Aspects and Garbage Collection

Earlier today I wrote about an Assert method which can be used in unit tests to check whether or not an object is collected during Garbage Collection (GC). I wrote this method because I was suspicious about a certain PostSharp Aspect I just implemented. The aspect works great, and I’ll surely write about it later; however, since it’s an aspect which is meant to be applied on an entire assembly by using multicasting, I thought twice before calling it a day.

After being skeptical and writing unit tests to ensure my IsGarbageCollected() method was actually working as expected, I came to the unfortunate conclusion that my aspects were keeping my objects in memory!

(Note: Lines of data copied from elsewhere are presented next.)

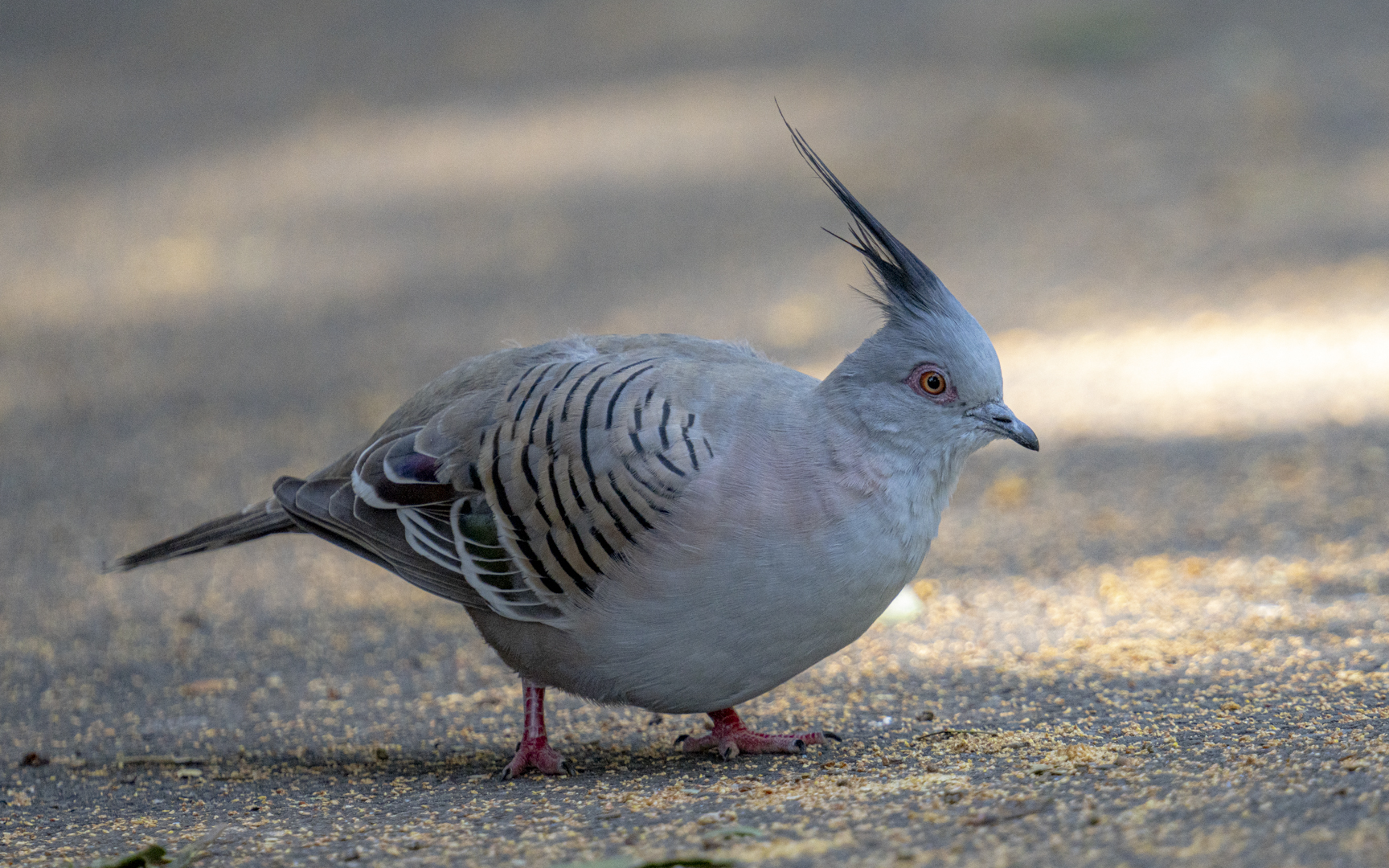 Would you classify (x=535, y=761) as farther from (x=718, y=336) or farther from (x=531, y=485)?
(x=718, y=336)

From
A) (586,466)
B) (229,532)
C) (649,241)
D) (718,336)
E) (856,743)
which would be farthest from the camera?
(649,241)

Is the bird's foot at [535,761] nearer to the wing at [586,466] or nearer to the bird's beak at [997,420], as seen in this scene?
the wing at [586,466]

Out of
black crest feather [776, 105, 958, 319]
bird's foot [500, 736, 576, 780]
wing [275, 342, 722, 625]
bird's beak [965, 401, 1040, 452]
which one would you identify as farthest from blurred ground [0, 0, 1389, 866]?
black crest feather [776, 105, 958, 319]

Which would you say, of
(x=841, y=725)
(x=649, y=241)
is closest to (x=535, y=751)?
(x=841, y=725)

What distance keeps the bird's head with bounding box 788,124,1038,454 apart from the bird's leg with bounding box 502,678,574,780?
3.60ft

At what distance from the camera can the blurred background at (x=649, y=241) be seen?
5586mm

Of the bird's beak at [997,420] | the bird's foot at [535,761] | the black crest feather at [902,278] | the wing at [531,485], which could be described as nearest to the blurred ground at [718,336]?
the bird's foot at [535,761]

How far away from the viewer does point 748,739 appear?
3.60 m

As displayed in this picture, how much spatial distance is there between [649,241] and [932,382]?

It only makes sense really; why wouldn’t aspects be able to keep objects alive? It might not be the first thing you think about, but hopefully this post makes you aware of the hidden dangers. As an example I’ll show you a very basic aspect, and how to fix it.

[Serializable]
public class SampleAspect : IInstanceScopedAspect
{
	[NonSerialized]
	object _instance;

	public object CreateInstance( AdviceArgs adviceArgs )
	{
		_instance = adviceArgs.Instance;
		return MemberwiseClone();
	}

	public void RuntimeInitializeInstance()	{ }
}

As any other memory leak, it suffices to leave one reference lying around to an object, preventing the GC from collecting it. There are two mistakes in the previous code, can you find them?

The first one was most obvious to me. _instance is holding a reference to the object, keeping it alive. Luckily .NET offers us an easy solution, WeakReference. A WeakReference references an object while still allowing that object to be reclaimed by garbage collection.

[Serializable]
public class SampleAspect : IInstanceScopedAspect
{
	[NonSerialized]
	WeakReference _instance;

	public object CreateInstance( AdviceArgs adviceArgs )
	{
		_instance = new WeakReference( adviceArgs.Instance );
		return MemberwiseClone();
	}

	public void RuntimeInitializeInstance()	{ }
}

However, Gael was kind enough to quickly point out this wasn’t the real issue. PostSharp uses prototypes to initialize its aspects. An existing prototype object is cloned to create new aspects. The CreateInstance() method is called on the prototype object, and you are expected to return a new aspect. The real error in my code was I was setting _instance on the prototype, while I should be setting it on the cloned object instead. The prototype object is kept in memory by PostSharp, and as a result the last created object was also held in memory. Not a big issue, but the following implementation is a bit cleaner.

[Serializable]
public class SampleAspect : IInstanceScopedAspect
{
	[NonSerialized]
	object _instance;

	public object CreateInstance( AdviceArgs adviceArgs )
	{
		var newAspect = (InitializeEventHandlerAspect)MemberwiseClone();
		newAspect._instance = adviceArgs.Instance;

		return newAspect;
	}

	public void RuntimeInitializeInstance()	{ }
}

No need to use WeakReference any longer, although I imagine it might still be useful in other scenarios.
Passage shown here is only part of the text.